Pride @ Prejudice: A Romantic Deconstruction
by Daniel Elihu Kramer
Capital Repertory Theatre

If ever you doubted Shaw’s quip that we Americans are separated from the English by a common language, Capital Rep’s romantic deconstruction of Jane Austen’s Pride and Prejudice will convince you. As usual in these combats, the English come out on top. They speak paragraphs; we blurt out half-sentences. They have a kind of linguistic patience equipping them to wait forever for the end of most any sentence. To us, when we read the novel it seems like we spend most of our time waiting. This also applies to the substance of the book. Situations are deftly elongated, and like all great works of art, brought close to calamity. Illustrating the beautiful balance in this show, near the end, Elizabeth Bennet asks “Now?” three times to which her beau Mr. Darcy, answers” not yet,” “not yet”, then finally, “Now!” Plot mirrors speech. Speech mirrors plot.
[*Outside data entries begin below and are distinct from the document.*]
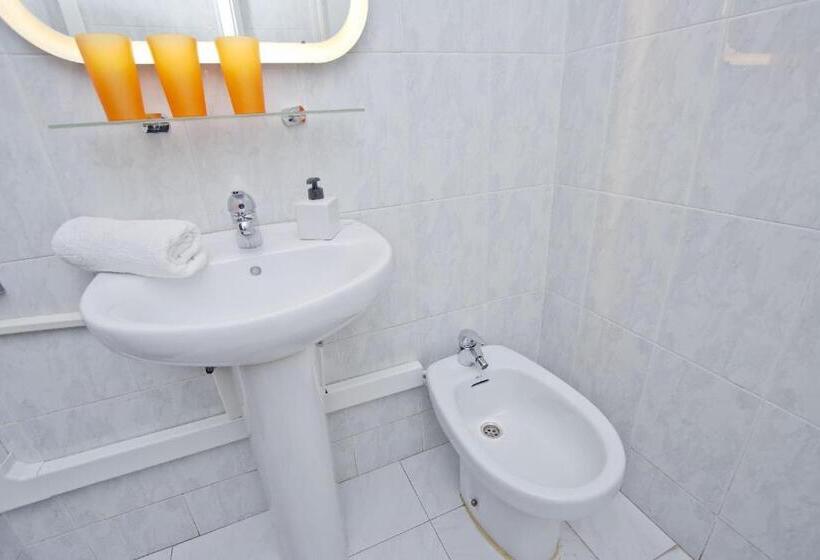 Номер Стандарт, Barcelona City Seven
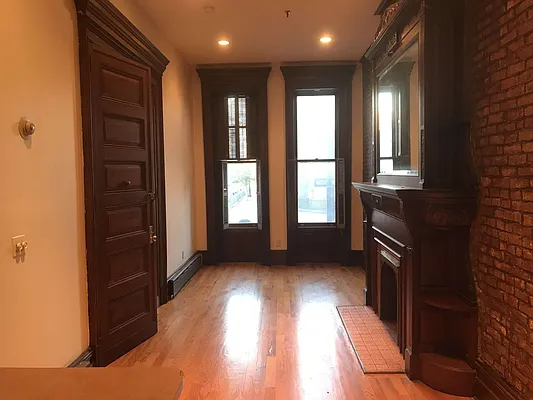 Rented by PLUSH REALTY Inc | media 23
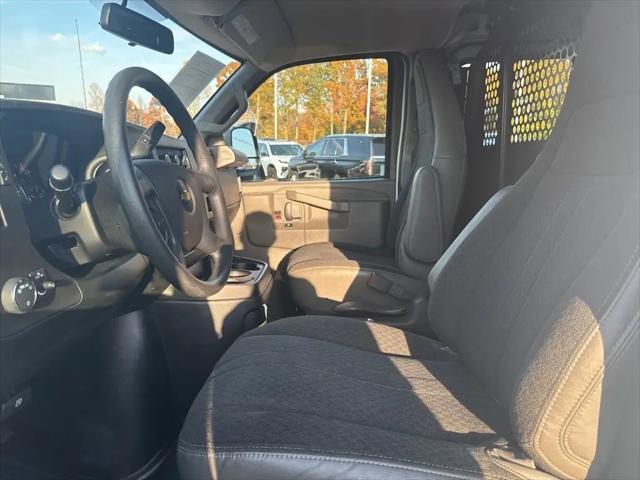 2023 Chevrolet Express Cargo Van RWD 2500 Regular Wheelbase WT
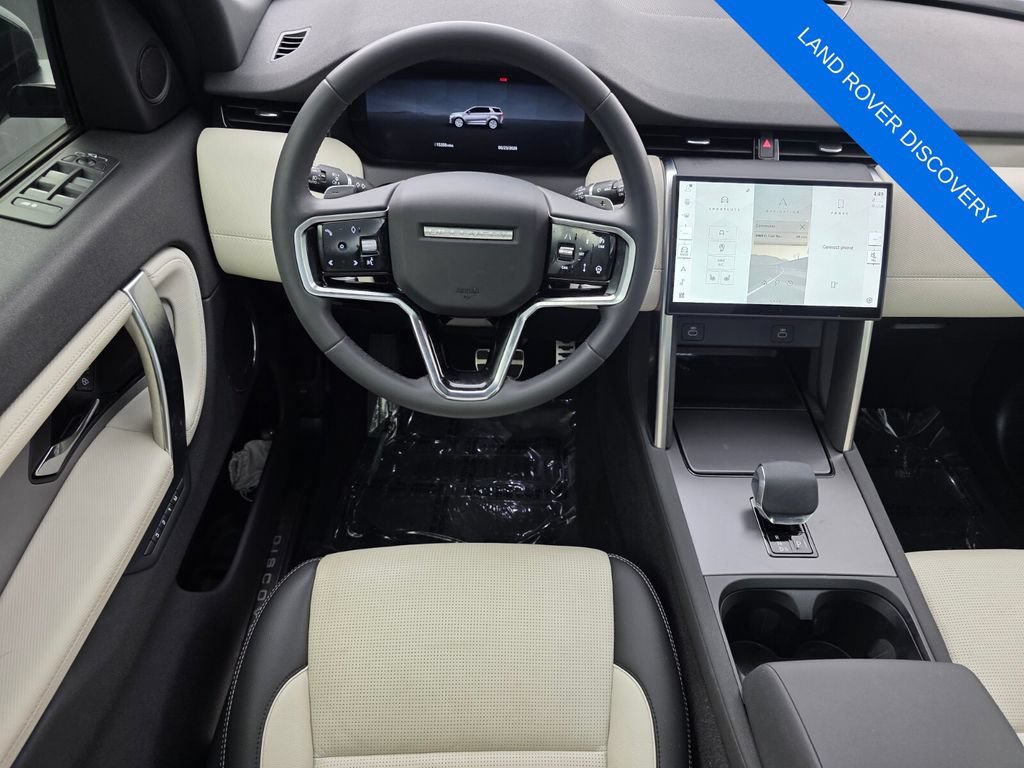 Used 2024 Land Rover Discovery Sport Dynamic SE AWD/4WD image 13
Then there is the deconstructive stuff. This is when the American comes in. The narrative of the story is halted mid-stream while a character comes down to the lip of the stage and asks a kind of dumb question you would expect from a seventh grader with Cliff Notes in hand. These befuddlements are zinged out by the same actors who play the narrative. Back and forth we go, and somehow playwright Daniel Elihu Kramer keeps it all in balance. At the top of the play I expected a tired, traditional send-up, but it was much more than that. The central narrative was movingly played by Aubrey Saverino as Elizabeth and Nick Dillenburg as Mr. Darcy. The verbal highjacks intensified the lyricism of their acting. Mr. Dillenburg in particular played the Onegin-like character with smoldering indifference. He had excellent stillness. Ms. Saverino was strong, but she had sweetness. I believed them, and their union at the end was a large and moving thing. Because of the wordplay? Very possibly. The second act became more and more real, and less and less snarky. This was good. The virtuosity of Michele Tauber, Colin Ryan, and Gisella Chipe gave us many roles, half-roles, fast and slow moving jokes, and words and more words . This all could have been brittle, but turned out to be real.